El mundo del cine todavía no ha asimilado del todo la dura pérdida del irrepetible Philip Seymour Hoffman cuando se entera de la lamentable desaparición de Robin Williams, otro grande de la cartelera de nuestra memoria. En condiciones menos que normales y tan sólo a los 63 años, se ha marchado demasiado pronto; y es que nunca es tarde para la muerte, pero hay edades que hacen especial sangre y llevan adherida de serie la palabra “injusticia”.
El mayor reconocimiento para un artista es que tras su muerte su figura de ninguna de las maneras vaya a caer en el olvido, pero tampoco está mal la cúspide profesional en forma de estatuilla dorada de Hollywood que ganó, esta vez sí, en 1998 por su intenso trabajo en El indomable Will Hunting, logro que disparó su caché económico y de popularidad más aún de lo que su figura ya representaba para la industria en más de un sentido.

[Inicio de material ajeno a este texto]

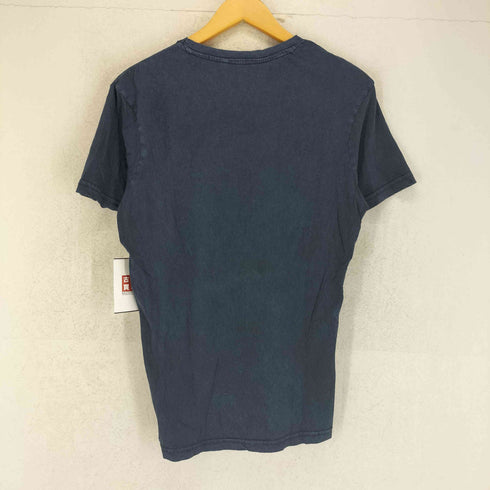 IDENTIC イーグルプリント クルーネックTシャツ メンズ JPN:M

Intérprete de físico particular y clarísimo don para la comedia, logró a base de talento demostrar que era bastante más que eso, y su filmografía con predominio hilarante se ha ido cuajando de diversidad que apunta directamente al talento actoral de este tipo particular que un día dijo que las drogas eran el aviso de que estás ganando demasiado dinero. Precisamente, y que se sepa, con la cocaína y con el alcohol (en dos ocasiones) tuvo Williams peligrosos escarceos, y sus cercanos comentan que hacía varios años que peleaba contra una persistente y lúgubre depresión.
Robin Williams, el actor, ha muerto joven, de manera trágica y abrupta, nos ha demostrado que no era mentira la tristeza que se atisbaba en sus pupilas y muchos son los que le conocieron y aseguran que, además de tener cara de buena persona, era buena persona. Descansa en paz, oh capitán, mi capitán.